> MATERIAL SUPPLIED:
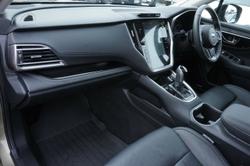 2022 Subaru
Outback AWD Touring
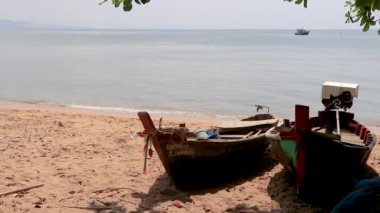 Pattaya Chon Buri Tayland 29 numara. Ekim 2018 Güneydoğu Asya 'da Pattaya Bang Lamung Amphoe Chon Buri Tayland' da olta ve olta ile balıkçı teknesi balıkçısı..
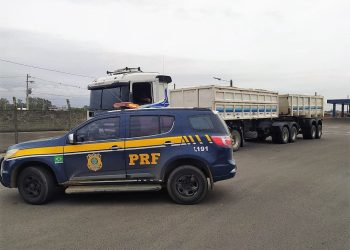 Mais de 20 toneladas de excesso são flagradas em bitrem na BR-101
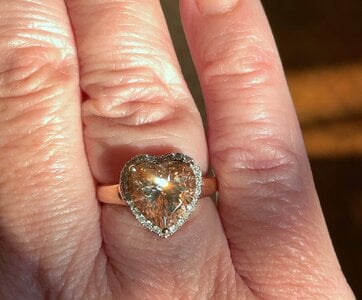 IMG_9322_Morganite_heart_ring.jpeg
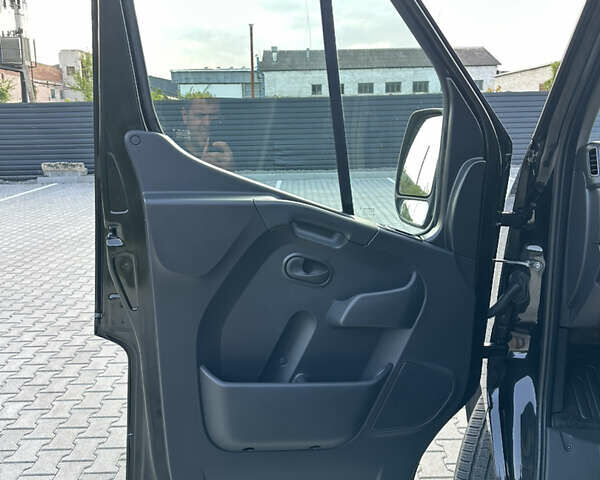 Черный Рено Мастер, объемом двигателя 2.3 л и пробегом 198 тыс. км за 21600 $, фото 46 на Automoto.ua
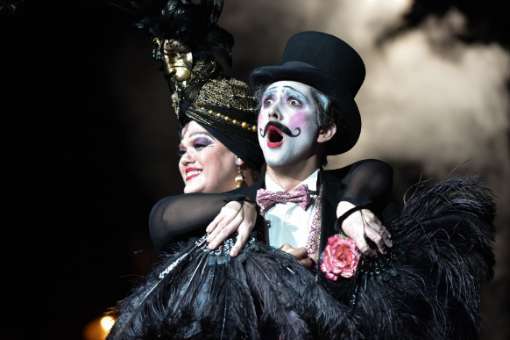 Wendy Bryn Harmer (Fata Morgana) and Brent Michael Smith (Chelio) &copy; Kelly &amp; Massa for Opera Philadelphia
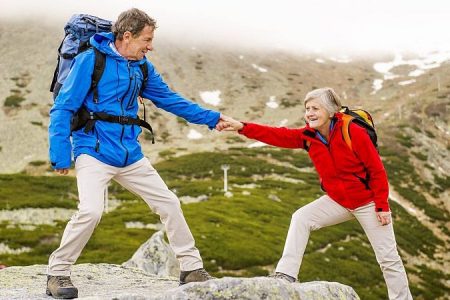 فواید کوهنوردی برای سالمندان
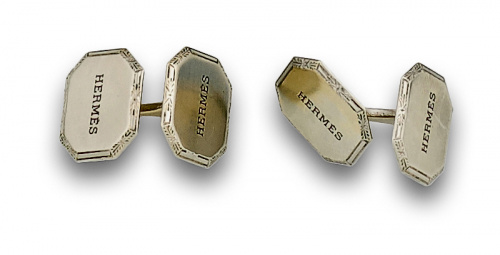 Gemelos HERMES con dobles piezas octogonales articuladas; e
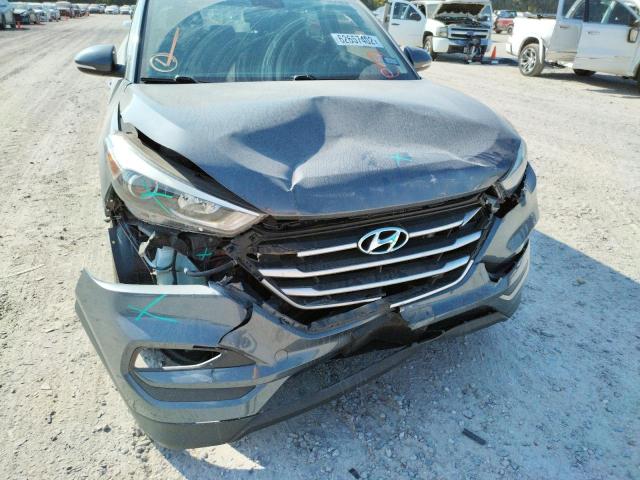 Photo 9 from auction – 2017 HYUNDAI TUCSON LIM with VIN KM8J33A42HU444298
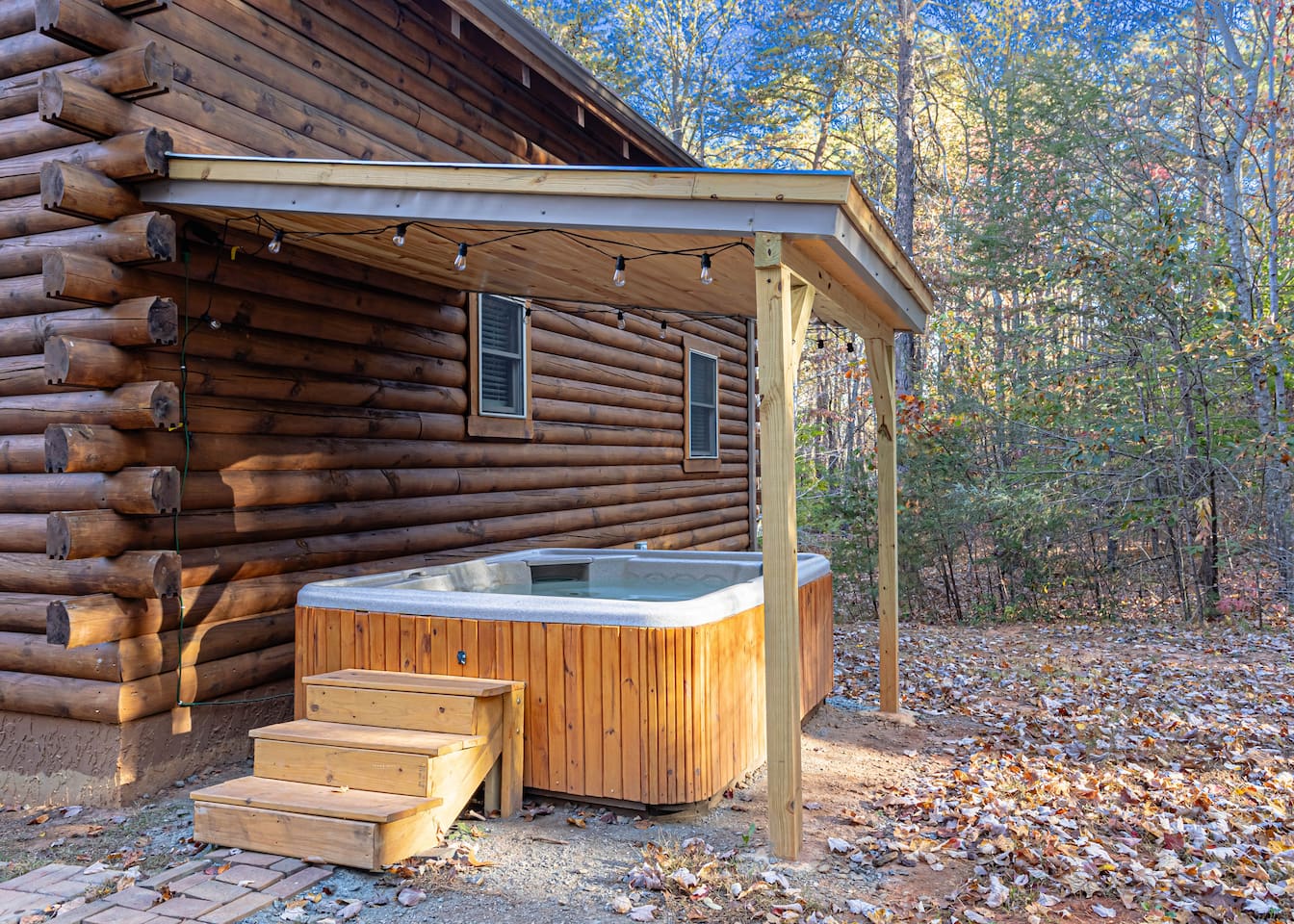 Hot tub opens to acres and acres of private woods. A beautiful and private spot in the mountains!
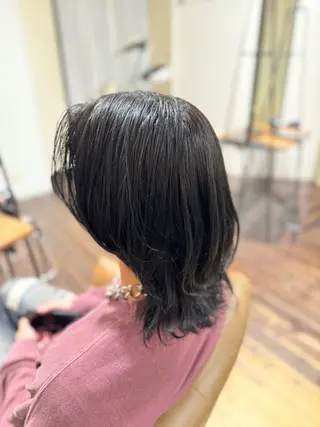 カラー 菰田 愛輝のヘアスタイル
...
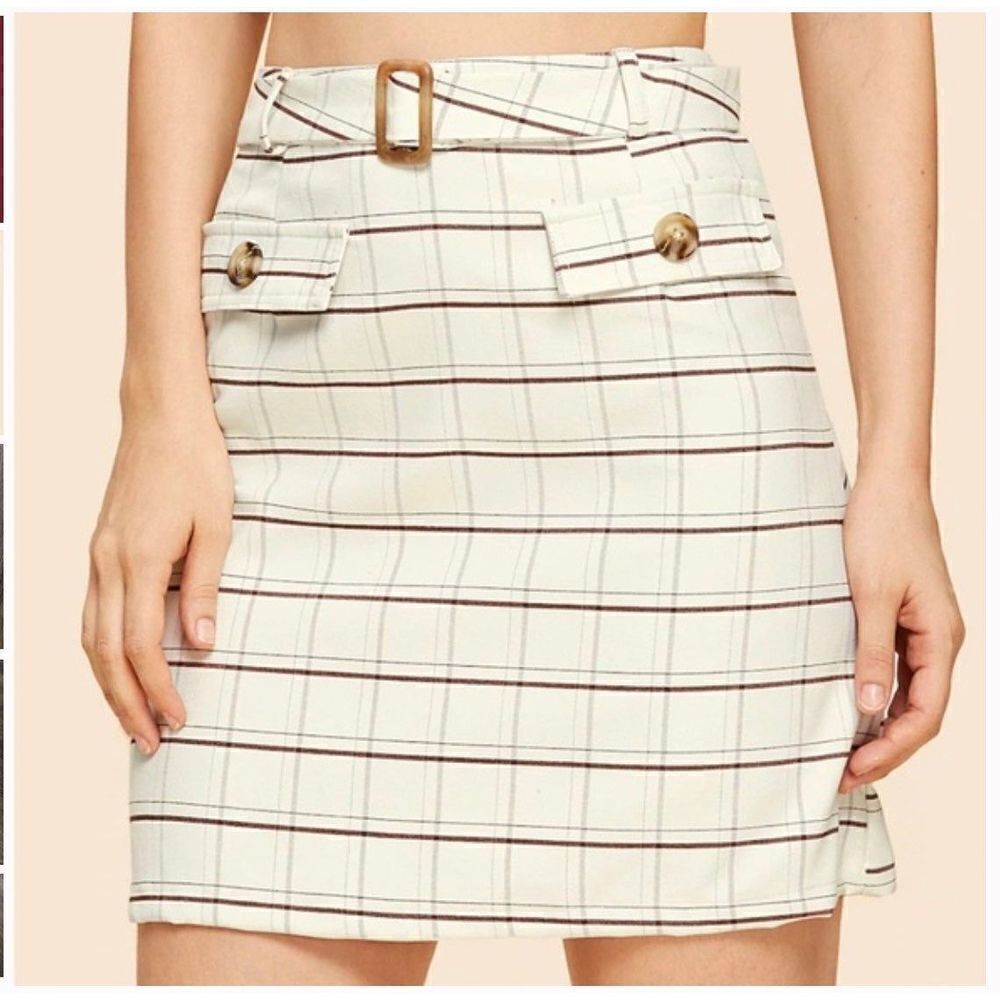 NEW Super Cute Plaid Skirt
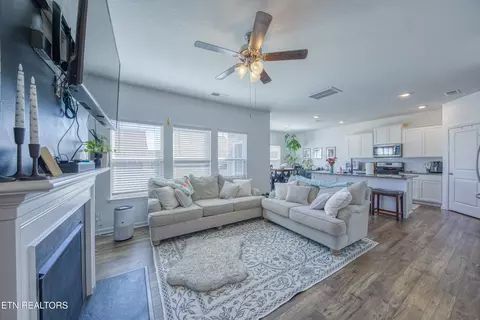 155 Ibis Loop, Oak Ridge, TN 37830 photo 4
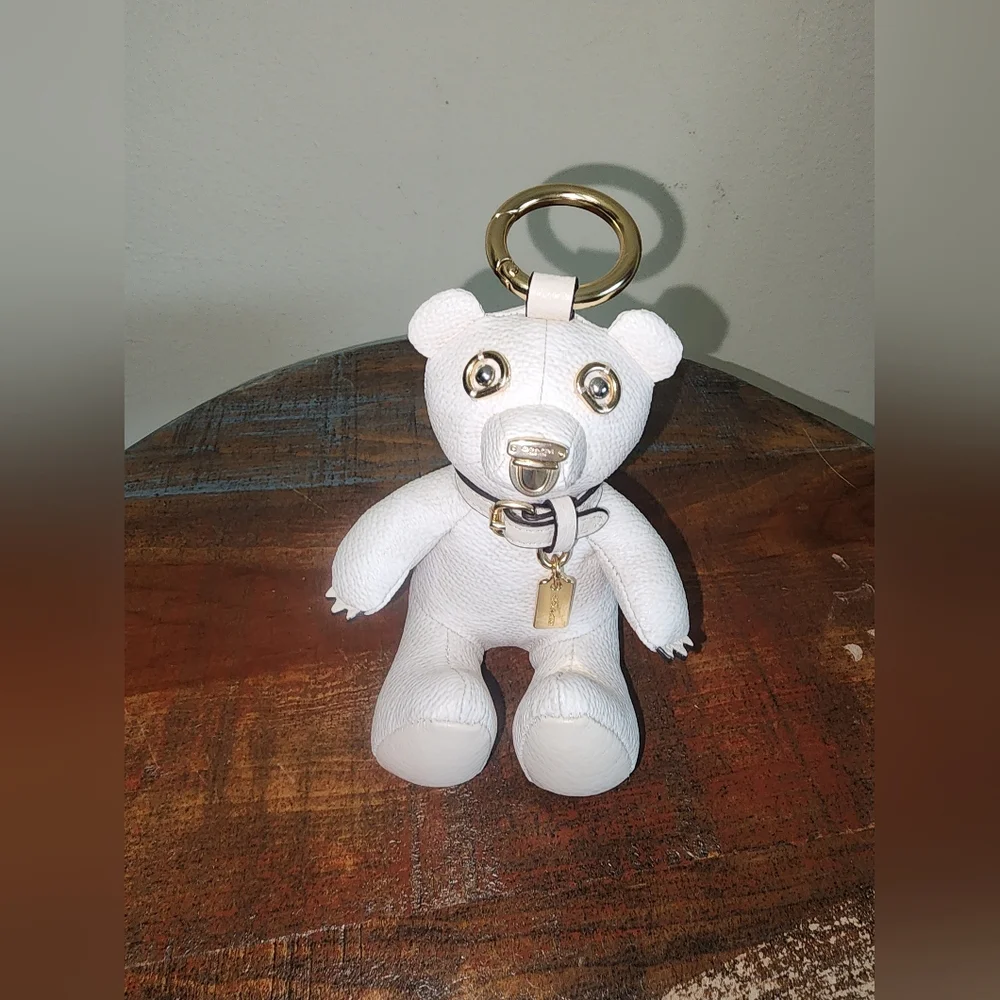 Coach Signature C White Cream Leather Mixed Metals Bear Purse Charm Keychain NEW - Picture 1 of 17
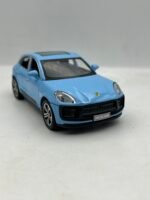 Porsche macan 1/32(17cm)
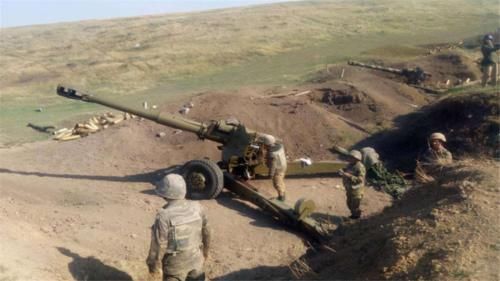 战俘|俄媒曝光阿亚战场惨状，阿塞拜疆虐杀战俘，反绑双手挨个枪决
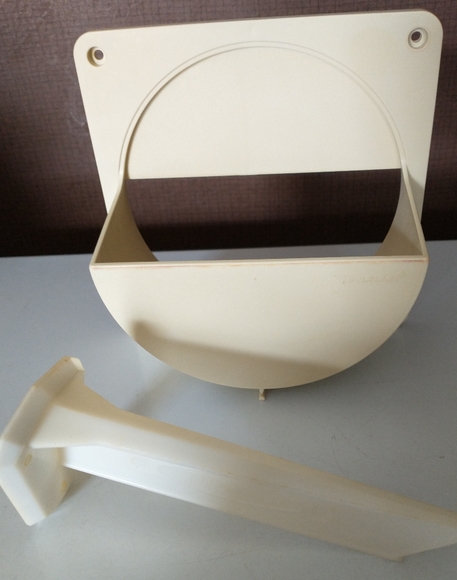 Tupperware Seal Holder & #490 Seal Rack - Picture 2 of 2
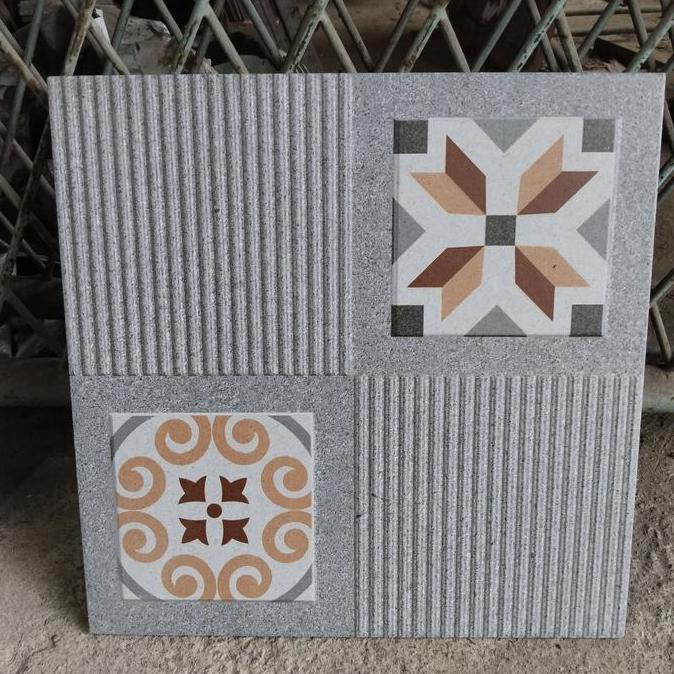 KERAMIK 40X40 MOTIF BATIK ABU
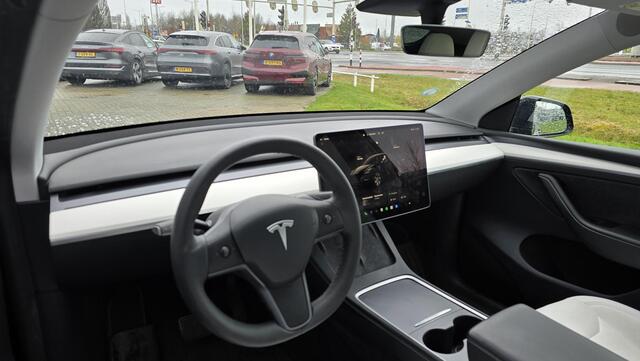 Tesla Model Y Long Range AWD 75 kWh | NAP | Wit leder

> TASK DESCRIPTION: In the records above, find the line containing "Hot tub opens" and the line containing "カラー 菰田 愛輝のヘアスタイル", then give both of them again word for word along with every line between. Omit any pictures.

> FINAL ANSWER:
 Hot tub opens to acres and acres of private woods. A beautiful and private spot in the mountains!
 カラー 菰田 愛輝のヘアスタイル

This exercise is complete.